How Irretrievable Collapse Resulted in a Savage Separation for Brendan Rodgers & Celtic FC

The Club Management Drama

Merely a quarter of an hour after Celtic issued the announcement of Brendan Rodgers' surprising resignation via a perfunctory short communication, the howitzer arrived, from the major shareholder, with clear signs in apparent fury.

In 551-words, major shareholder Desmond eviscerated his old chum.

This individual he convinced to come to the team when their rivals were getting uppity in 2016 and required being in their place. Plus the man he once more turned to after Ange Postecoglou left for Tottenham in the recent offseason.

So intense was the severity of his critique, the jaw-dropping comeback of the former boss was almost an secondary note.

Two decades after his departure from the club, and after much of his recent life was dedicated to an continuous series of public speaking engagements and the performance of all his old hits at Celtic, O'Neill is back in the manager's seat.

Currently - and maybe for a time. Based on things he has said recently, he has been eager to secure a new position. He will see this role as the perfect opportunity, a gift from the club's legacy, a homecoming to the place where he enjoyed such glory and adulation.

Would he relinquish it readily? You wouldn't have thought so.
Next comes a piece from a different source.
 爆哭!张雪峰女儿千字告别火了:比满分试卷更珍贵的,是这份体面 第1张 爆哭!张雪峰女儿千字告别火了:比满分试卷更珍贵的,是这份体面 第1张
The club might well reach out to contact their ex-manager, but the new appointment will act as a soothing presence for the time being.

'Full-blooded Effort at Character Assassination

The new manager's reappearance - however strange as it may be - can be parked because the biggest 'wow!' moment was the brutal manner Desmond wrote of the former manager.

This constituted a full-blooded endeavor at defamation, a branding of Rodgers as untrustful, a perpetrator of untruths, a spreader of misinformation; divisive, misleading and unjustifiable. "A single person's desire for self-preservation at the cost of everyone else," stated he.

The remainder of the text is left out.